The final piece of the Land Arts process is now. All exhibition catalog all the time. There’s so much I could add: it begs the question, what to leave out? How big should this book be? I took roughly10,000 photos. Many of them aren’t of a quality worth including, but if even 1% of them are, that’s 100 photos, and it doesn’t even include the drawings, sketches, or watercolors from the road. Or the pressed flowers. Or the charcoal rubbings. Should this book comprehensively cover my entire program experience, or simply reflect the work for the museum show? The number of decisions here is overwhelming in spite of having seen examples of past books.
And how do I want to present this? In some ways, it’s easy to capture this journey as a throwback to the 19th century, with all the baggage that encapsulates; however, it should not appear to be that exclusively, because it’s not. It needs to reflect 21st century complexity, and ensure that it doesn’t read like a nostalgic manifesto to manifest destiny and the hey-day of colonialist imperialism.

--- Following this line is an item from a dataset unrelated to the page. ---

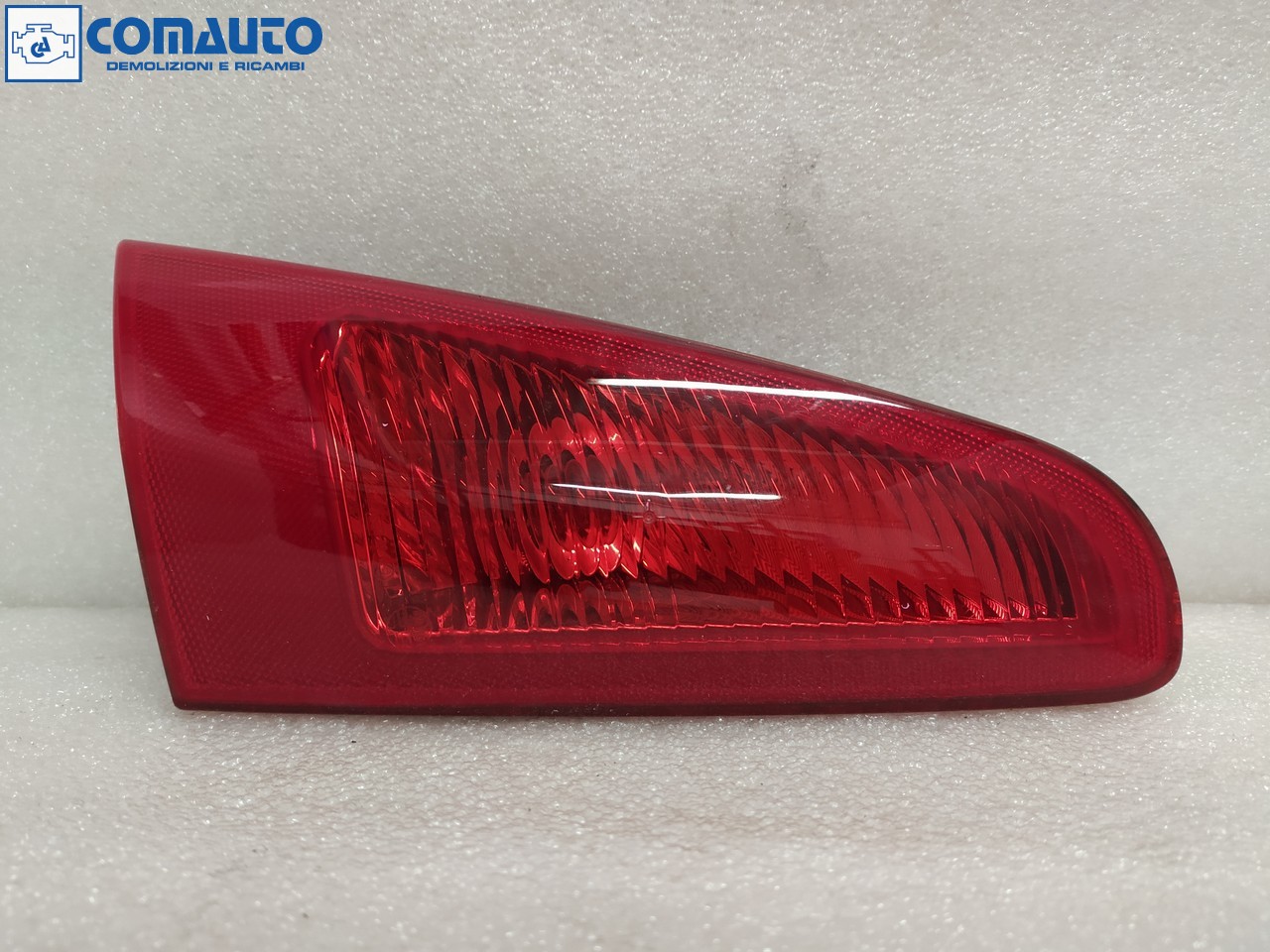 Fanale post dx ALFA ROMEO 147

My basic plan has been to prepare to include everything reasonably worthy of showing and then edit the extraneous/less exciting material out and decide on a good layout. This also feels overwhelming. I had a plan for a print size, but it turns out that I don’t like it for the photos or the work I made. On the surface, that’s an easy fix. In practice, it means many, many more decisions and an entirely new design. This is where I find digital space so limiting. It’s easy and cheap to set a thing up and just go with it, but it’s hard to play with design ideas the way you can with tangible objects in space, even two dimensional ones like sheets of paper. Then there’s the fact that graphic design has never been my strength, and it always pains me to make graphic layouts. I am rarely happy with the results and I will too easily lean into things that have worked for me before, which… often aren’t that interesting.
Guess the only thing to do is go to work.